BioWorld International Correspondent

LONDON - A trawl through the entire genome of the fruit fly identified a multitude of enzymes thought to play a role in the regulation of cell division. Because all of them have equivalents in humans, and because many are defective in diseases such as cancer, the study has provided scientists with new leads for cancer drugs.

Monica Bettencourt-Dias, a research associate in the department of genetics at the University of Cambridge in the UK, told BioWorld International: "Cell division is such an important process, and it goes wrong in so many different diseases, that it is very important to know who the different players are. This study has allowed us to find novel molecules that are involved in regulating this process - and which may not be well-regulated in cancer, for example - as well as giving us new insights into how the process of cell division is regulated."

One satisfying aspect of the study, she added, was the ability to do the work using the fruit fly, Drosophila melanogaster, and then to be able to extrapolate the findings to humans.

David Glover, professor of genetics at the University of Cambridge (Bettencourt-Dias works in his lab), told BioWorld International: "This study offers the opportunity to identify potential new targets that one can use in the development of drugs for treatment of proliferative diseases. It is as though we have added a whole load of new pieces to the jigsaw puzzle in a single study."
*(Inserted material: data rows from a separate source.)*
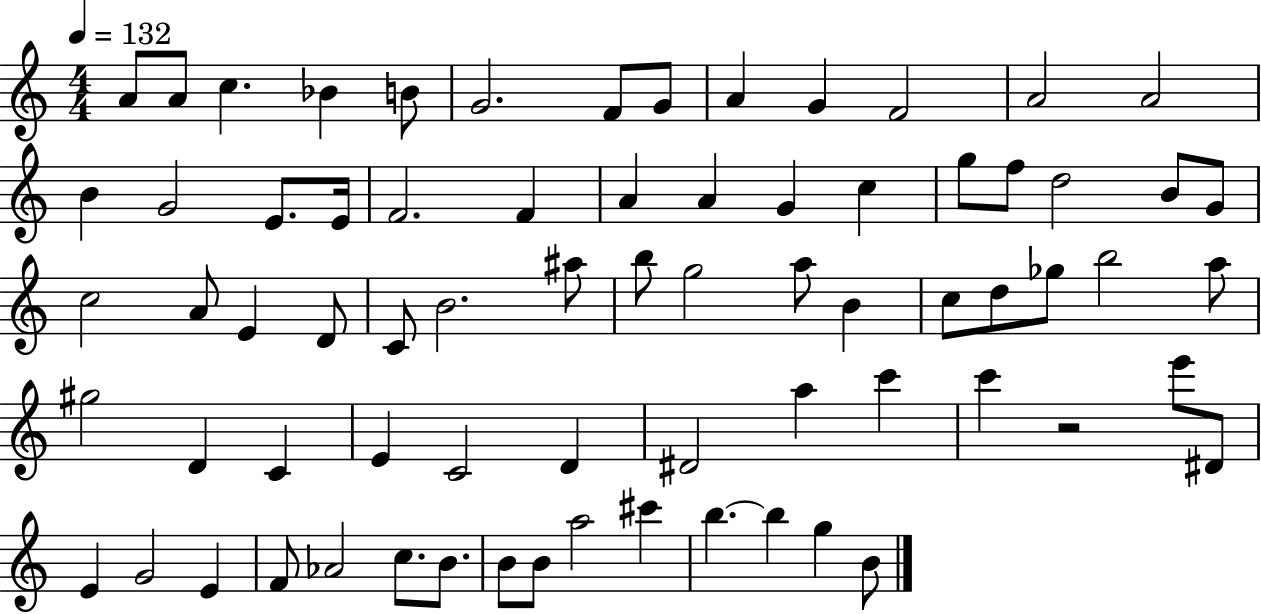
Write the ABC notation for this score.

X:1
T:Untitled
M:4/4
L:1/4
K:C
A/2 A/2 c _B B/2 G2 F/2 G/2 A G F2 A2 A2 B G2 E/2 E/4 F2 F A A G c g/2 f/2 d2 B/2 G/2 c2 A/2 E D/2 C/2 B2 ^a/2 b/2 g2 a/2 B c/2 d/2 _g/2 b2 a/2 ^g2 D C E C2 D ^D2 a c' c' z2 e'/2 ^D/2 E G2 E F/2 _A2 c/2 B/2 B/2 B/2 a2 ^c' b b g B/2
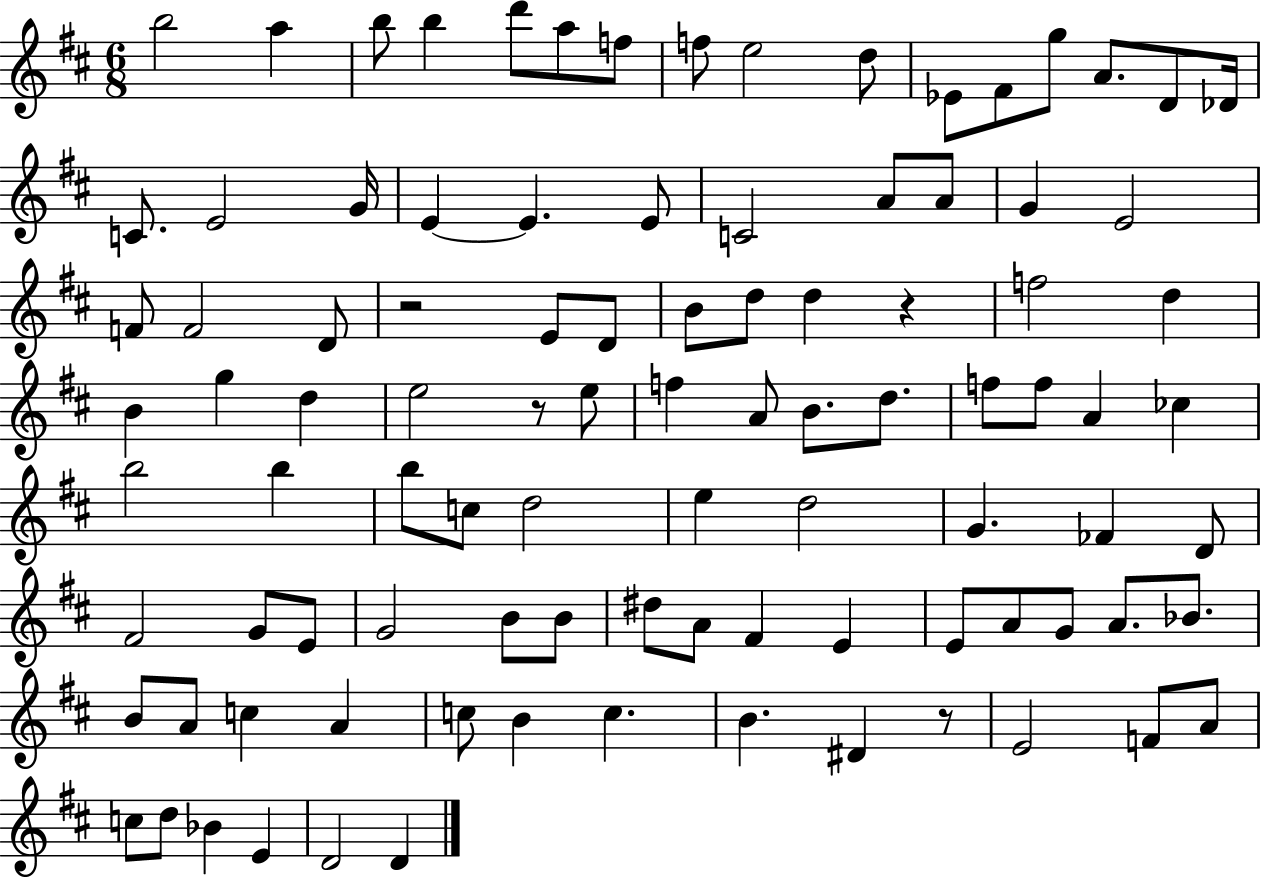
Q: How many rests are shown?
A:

Glover and his colleagues, together with collaborators at Dundee, UK-based Cyclacel Group plc, reported the study in the Dec. 23, 2004, issue of Nature in a paper titled "Genome-wide survey of protein kinases required for cell cycle progression."

The study is part of a larger program supported by Cancer Research UK in which model organisms are used to study the basic aspects of cell division. It focused on the Drosophila genes that encode protein kinases, enzymes that add phosphate groups onto proteins, leading to a change in the protein's structure or function.

Protein kinases, then, are of key interest to scientists trying to develop cancer therapies, because the cell-division cycle is controlled primarily by cycles of phosphorylation and dephosphorylation of proteins.

Significantly for researchers, the process of cell division has remained essentially unchanged throughout evolution: Exactly the same protein kinases regulate cell division in the fruit fly as they do in humans. Although humans have many more protein kinases than Drosophila does, they are duplications of genes that exist in Drosophila, rather than entirely new ones.

Making full use of the entire sequence of the genome of D. melanogaster, the team's approach was to down-regulate each of the genes encoding the fly's 228 protein kinases. There is a highly efficient way of doing that on D. melanogaster cells in culture, using the technique of RNA interference. Out of 228 protein kinases examined in that way, 80 had some impact on the progression of the cell cycle.

"From these results, we have been able to identify a series of novel protein kinases that have never been characterized before, as well as protein kinases that have never been shown to have the functions that we can now ascribe to them," Glover said. "We want to study these to improve our understanding of cell biology, and we will look at human tumor cells to see how these processes become perturbed."

Glover also is chief scientist of the Cambridge-based Polgen Division of Cyclacel Ltd. Earlier work in Glover's laboratory identified two groups of protein kinases using the fruit fly model, the Aurora kinases and the Polo kinases. The counterparts of those in humans now are known to play a role in regulating cell division, and to malfunction in a high proportion of human tumours.

Cyclacel has identified a series of small-molecule inhibitors of the Aurora enzymes. Tests in the laboratory have shown that they can kill a range of tumor cell types. Glover said preclinical studies showed that the Aurora inhibitors can "dramatically" reduce tumor growth in animals. Cyclacel also has small-molecule inhibitors of the Polo kinases still in the discovery phase.